Your post is a joy to read.
Having a "Special Needs" member of the family -- as you are finding out -- is indeed a great responsibility but also a great blessing.
I sometimes think the way our society is weeding the handicapped out at the root that is the womb (or as embryos, even, for those who Really like to Plan their Families or overcome their own handicap of sterility), has a twofold effect.
On a somewhat superficial and base selfish level, it leaves folks unable to appreciate how truly blessed they are to be "Ordinary." They become susceptible to the sort of morbid dissatisfaction that comes from failing to be an American Idol of some sort or which results in eating disorders, self-mutilation and other repercussions associated with having failed to be perfect somehow ... in looks, brains, talent, etc.
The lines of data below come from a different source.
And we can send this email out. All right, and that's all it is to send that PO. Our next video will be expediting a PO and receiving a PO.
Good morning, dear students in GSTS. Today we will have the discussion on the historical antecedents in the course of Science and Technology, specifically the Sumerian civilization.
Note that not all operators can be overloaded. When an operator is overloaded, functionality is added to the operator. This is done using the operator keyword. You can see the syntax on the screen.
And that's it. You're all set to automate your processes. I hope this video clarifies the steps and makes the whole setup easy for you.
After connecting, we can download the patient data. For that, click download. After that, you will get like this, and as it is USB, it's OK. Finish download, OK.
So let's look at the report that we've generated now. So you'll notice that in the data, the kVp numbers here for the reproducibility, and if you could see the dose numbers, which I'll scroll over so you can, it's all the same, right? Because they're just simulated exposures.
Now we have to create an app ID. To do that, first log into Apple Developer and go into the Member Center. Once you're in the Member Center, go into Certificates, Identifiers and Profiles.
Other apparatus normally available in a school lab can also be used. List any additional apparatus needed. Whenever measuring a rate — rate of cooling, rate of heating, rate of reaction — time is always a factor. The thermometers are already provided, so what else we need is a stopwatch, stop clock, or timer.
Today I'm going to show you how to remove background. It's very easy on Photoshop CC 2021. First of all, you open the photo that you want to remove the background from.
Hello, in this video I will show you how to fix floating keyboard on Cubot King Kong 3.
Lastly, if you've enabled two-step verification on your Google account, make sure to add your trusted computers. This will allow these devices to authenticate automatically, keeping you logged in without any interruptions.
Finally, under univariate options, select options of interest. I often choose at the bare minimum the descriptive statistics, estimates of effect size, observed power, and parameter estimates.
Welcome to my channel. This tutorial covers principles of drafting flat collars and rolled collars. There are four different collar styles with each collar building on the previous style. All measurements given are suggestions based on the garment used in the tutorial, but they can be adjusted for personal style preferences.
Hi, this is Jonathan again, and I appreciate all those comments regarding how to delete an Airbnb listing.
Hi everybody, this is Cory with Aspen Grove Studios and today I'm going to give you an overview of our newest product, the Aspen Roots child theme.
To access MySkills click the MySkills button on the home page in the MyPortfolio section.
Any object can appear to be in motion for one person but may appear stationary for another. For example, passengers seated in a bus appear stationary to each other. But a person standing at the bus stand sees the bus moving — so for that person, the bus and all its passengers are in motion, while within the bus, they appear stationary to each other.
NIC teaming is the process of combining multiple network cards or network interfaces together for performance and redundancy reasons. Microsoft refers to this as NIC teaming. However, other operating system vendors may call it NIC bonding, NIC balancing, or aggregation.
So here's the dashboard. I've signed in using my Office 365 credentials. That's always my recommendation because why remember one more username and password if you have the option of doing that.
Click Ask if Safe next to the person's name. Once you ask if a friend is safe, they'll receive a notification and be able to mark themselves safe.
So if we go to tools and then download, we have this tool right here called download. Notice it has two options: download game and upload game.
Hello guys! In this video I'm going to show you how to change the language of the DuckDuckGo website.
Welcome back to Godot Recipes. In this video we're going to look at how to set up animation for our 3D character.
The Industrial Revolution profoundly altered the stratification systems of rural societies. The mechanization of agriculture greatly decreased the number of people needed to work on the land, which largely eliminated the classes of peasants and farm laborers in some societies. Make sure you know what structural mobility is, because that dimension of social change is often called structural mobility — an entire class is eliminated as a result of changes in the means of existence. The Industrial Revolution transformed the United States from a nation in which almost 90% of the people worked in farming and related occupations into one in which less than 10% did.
But there is also that fundamental level where -- absent the opportunity to learn in person that a child with brain damage or genetic malfunction is every bit your essential "equal" (or sometimes "better") as a human being and having as a given the option to kill on sight such sub-humans -- I think we end up with a very skew notion of what is and is not Essentially human.
My aunt has brain damage likely the result of being caught in the birth canal during a difficult labor. She has taught me more about what it is to be human -- or glimpse a real live angel, sometimes it's hard to tell -- than almost anyone I know.
You are so right. Not a day has gone by that I haven't felt the deepest grief and pain for my son. And there hasn't been a day when he's felt sorry for himself. Not one day. He's teaching me more about courage, strength and heart by his example than I thought possible. Try feeling sorry for yourself when your kid can't go a day without nearly dying. Try to feel sorry for that kid when he gets up, brushes it off and goes back to playing. Yup. These kids DO teach us what it means to be human.
I'm really grateful to have stumbled across this thread tonight. It's good to have a reminder. Thank you.